The Conference Board has an indicator that identifies ten variables that have exhibited early reversal property with respect to the business cycle in the past. In May, this indicator fell for the fourth time in five months, but in a proportion too modest (-0.8% YTD) to give a stable signal. Moreover, the pullback of the leading indicator is not very blurry. In other words, it does not arise from a large number of its components, but primarily reflects a drop in household morale and a correction in the stock markets.
Weekly jobless claims, while still low, continue to rise slowly. As of June 18, the four-week average is 224,000 and the lowest point was at 171,000 in early April.
In June, the manufacturing PMI fell 4.6 points to 52.4 points, its lowest level since summer 2020.

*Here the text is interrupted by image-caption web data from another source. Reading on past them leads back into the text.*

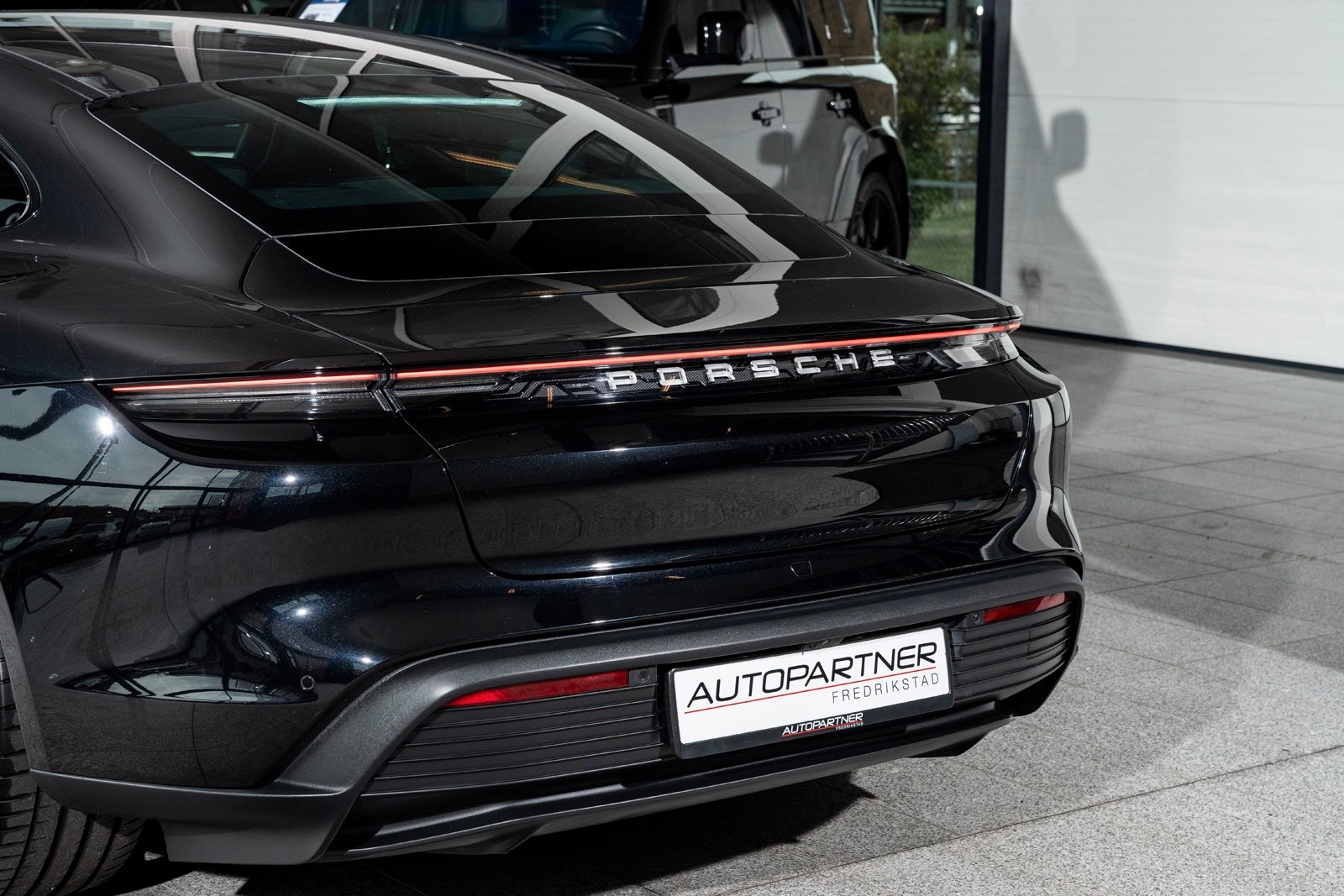 Porsche Taycan Direct Drive/Automatic, 381hp, 2021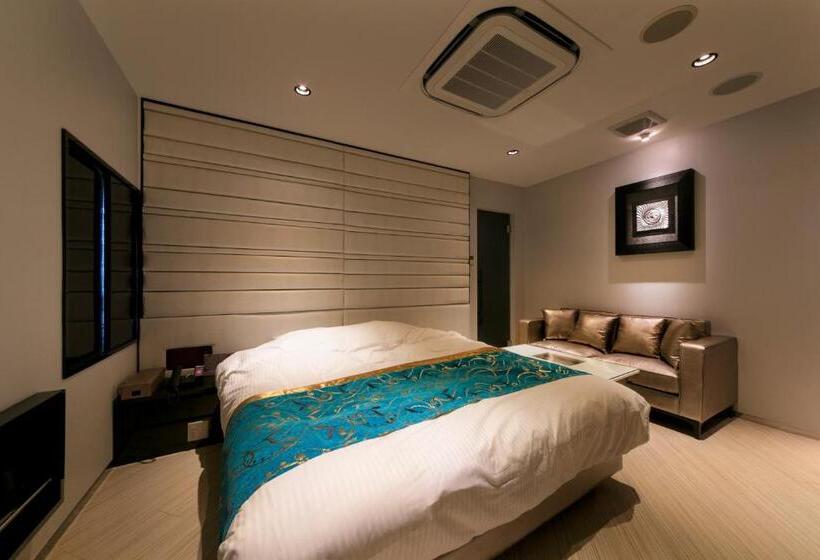 Номер Deluxe, Eldia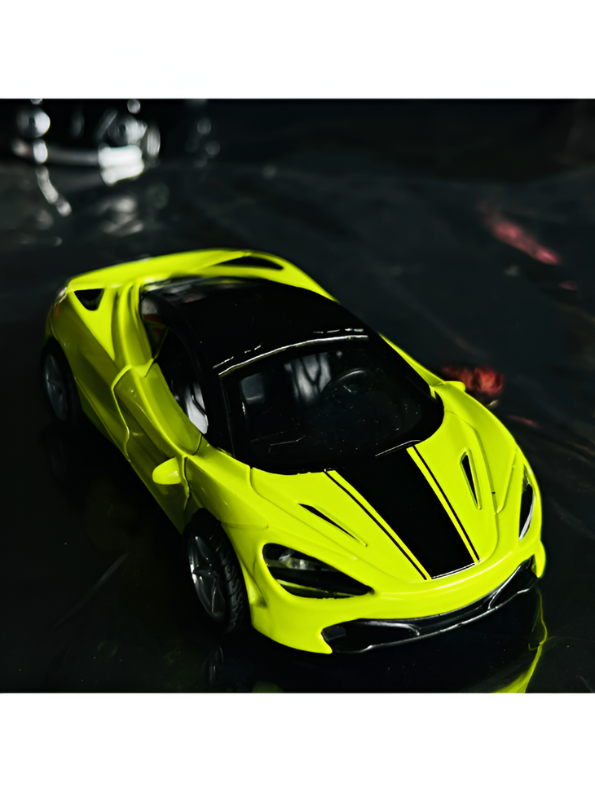 McLaren 720s Metal Model Diecast Car - Lime Green Scale 1:32 LMI15653.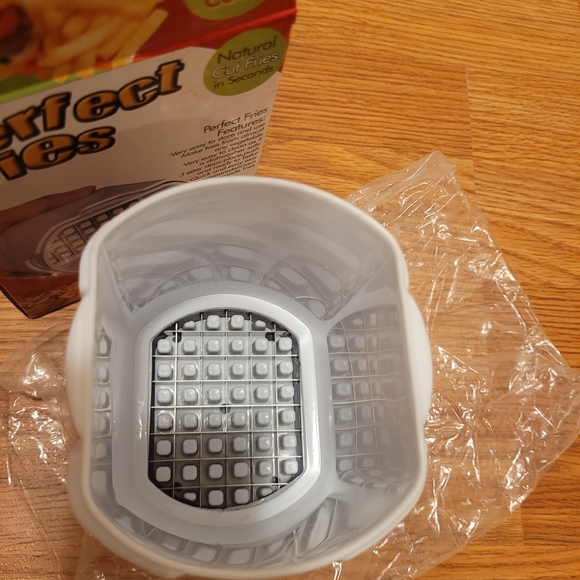 Brand New Perfect Fries Potato Cutter - Picture 2 of 10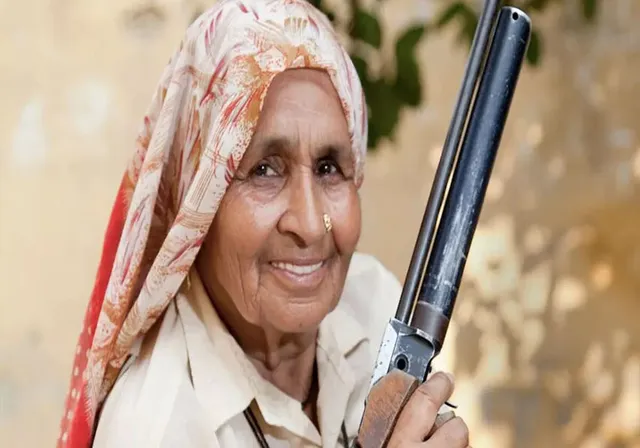 'শ্যুটার দাদি'র নামে নয়ডায় শ্যুটিং রেঞ্জ, ঘোষণা মুখ্যমন্ত্রীর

Monetary and fiscal policy
Following the release of the semi-annual monetary policy report, Jerome Powell answered questions from senators on June 22 and questions from representatives the following day. A week after the FOMC, the discourse has not changed. The Fed intends to reduce inflation to 2% and for this will continue to raise the key rate. The economy is considered strong enough to withstand this, but the Fed chairman acknowledged that a relapse into a recession is possible. Michelle Bowman (Board of Directors) favored a 75 basis point increase in July, as did Charles Evans (Chicago). Faced with the risk of a recession, the markets are less aggressive. Yields on 2-year bonds fell 20 bp over the week.
Continued this week
There will be plenty of data in the coming days to help refine the estimate of real GDP growth in the second quarter of 2022. The Atlanta Fed’s most recent June 16 forecast points to stagnant real GDP. Recall that such a mediocre result is due to the negative contribution of inventories and foreign trade, which reduced growth by 1.8 points. The same thing happened in the first quarter, but to an even greater extent, as real GDP even fell by 1.5% qoq y/y. General expense report (30 June) will be a welcome addition to the retail sales data as we will see if services spending remains flat while goods spending shows signs of weakness. On the supply side, there will be shipments of durable goods (the 27th), a measure of business equipment spending and construction spending (July 1). Also watch the Conference Board Consumer Survey (the 28th) and an ISM survey of purchasing managers in the manufacturing sector (July 1).